### WHAT TO WORK ON
Return the full listing character for character, without its pictures.

### RECORDED INFORMATION
• • •

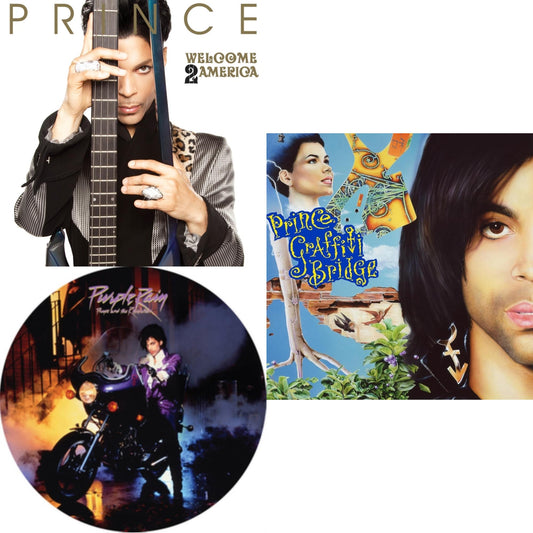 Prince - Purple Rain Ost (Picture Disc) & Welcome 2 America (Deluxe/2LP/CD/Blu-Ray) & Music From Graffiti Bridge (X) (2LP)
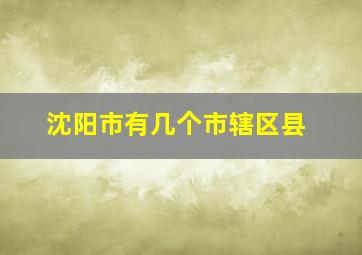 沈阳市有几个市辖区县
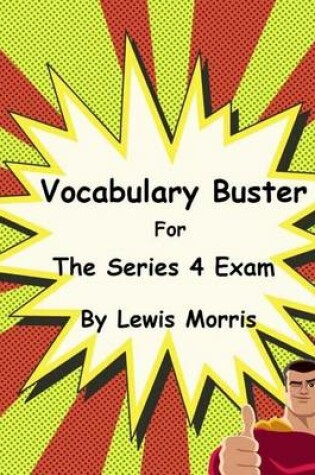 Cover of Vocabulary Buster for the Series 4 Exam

• • •

### EXERCISE ANSWER
 Prince - Purple Rain Ost (Picture Disc) & Welcome 2 America (Deluxe/2LP/CD/Blu-Ray) & Music From Graffiti Bridge (X) (2LP)
 沈阳市有几个市辖区县
 Cover of Vocabulary Buster for the Series 4 Exam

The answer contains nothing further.